Moving to a new town and taking on the role of principal of the local high school would be challenging under any circumstances, but Tenterfield High School's Stephanie Scott has to do it in the middle of a pandemic.
Ms Scott said it is a pity she hasn't been able to meet a lot of parents face-to-face due to COVID-19 restrictions at the school, but she has had the opportunity to witness the resilience and adaptability of students and staff, and she's impressed.
While her most recent posting was relieving principal at Denison College Kelso High in Bathurst, a much larger undertaking, she said she's a country girl at heart, growing up on a farm near Blayney that produced fat lambs and some cattle.
"So I'm used to the cold," she said.
While she loved Bathurst Ms Scott has spent most of her life living and working in small towns and schools, and enjoys the sense of community that comes with them.
"I want that for my children," she said.
Ms Scott and her daughter are the advance guard, arriving in town a fortnight ago.

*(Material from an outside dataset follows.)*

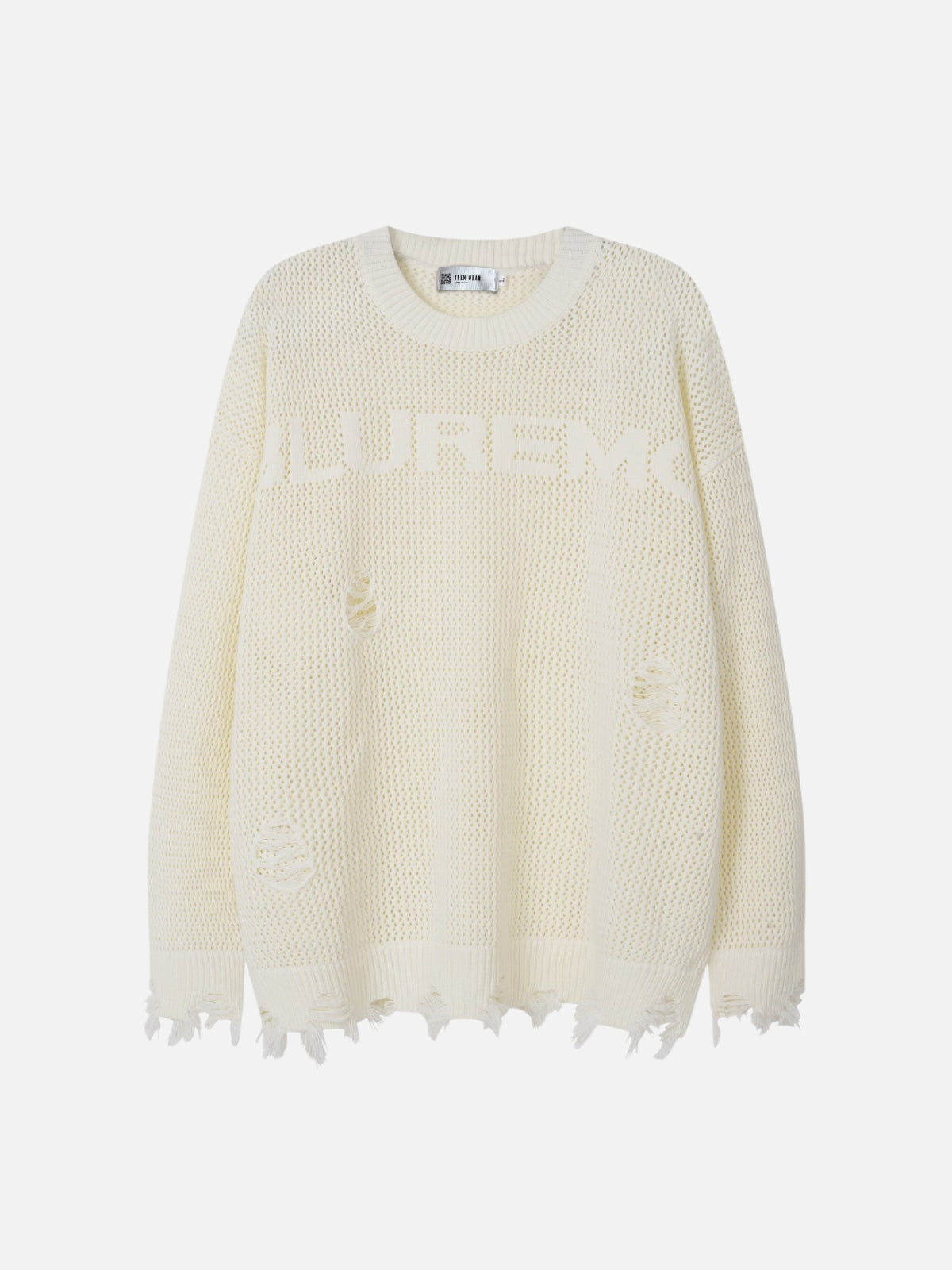 TIGHTLE - Oversized Basic Sweater Beige | TEENWEAR.EU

While the duo have slipped into their high school roles -- principal and year 8 student respectively -- her husband and two sons will be arriving shortly with the household contents.
The boys will be going to The Sir Henry Parkes Memorial Public School, in year 2 and kindergarten. Ms Scott said her husband will be job-hunting after settling in the family.
Down the road she'd like to move onto some acreage, but in the meantime is getting comfortable in her rented accommodation, thanks to great support from her real estate agent Lisa Curry and other community members.
"We've been made to feel very welcome, by both the town and the school," she said, "and had lots of offers of help and furniture.
"People just can't be helpful enough, and I'm enjoying the great walking paths and becoming well-known in the coffee shops."
Back at work, she's been popping in to lots of classes and said she's seeing some great teaching and learning, and great opportunities for students.
She said one of the advantages of a smaller school is the pastoral care and the individual support offered to students.
And the children appear to benefit from the attention.
"They've been welcoming and respectful, good country kids," she said.
"It's obvious that this is a well-run, well-managed school.
"The staff are so positive about the kids and the school."
Ms Scott said her first order of business is to get to know the school better and continue to build on its success. She's keen to promote the great opportunities the school offers, and to ensure her students get access to the same advantages as metropolitan schools, despite Tenterfield's relative remoteness.
With a second wave of COVID-19 infections encroaching from the south, Tenterfield High School and NSW schools in general are adopting a wait-and-see attitude towards another potential lockdown. Ms Scott feels the Tenterfield school is particularly well-placed to handle such an eventuality, more-so than for the first lockdown over Easter with short notice.
A significant portion of Tenterfield households are without adequate internet access for online home learning, but teachers adapted quickly with a range of learning materials, including lots of handouts and phone contact.
Attendance numbers are now back to normal with only students with a medical reason exempted. In fact most students were keen to return to school, perhaps getting a wake-up call on how valuable the institution is to them, both educationally and socially.
Of course school these days has an emphasis on hand sanitation and finding alternatives to large gatherings and excursions. Ms Scott said there's more emphasis on online resources, including for teacher development.
She said she's excited to be here, and welcomes phone calls from parents and school community members while hoping it won't be too much longer before they can again be welcomed back into the school.
Meanwhile she's keen for the school to stay connected with the community, by whatever means.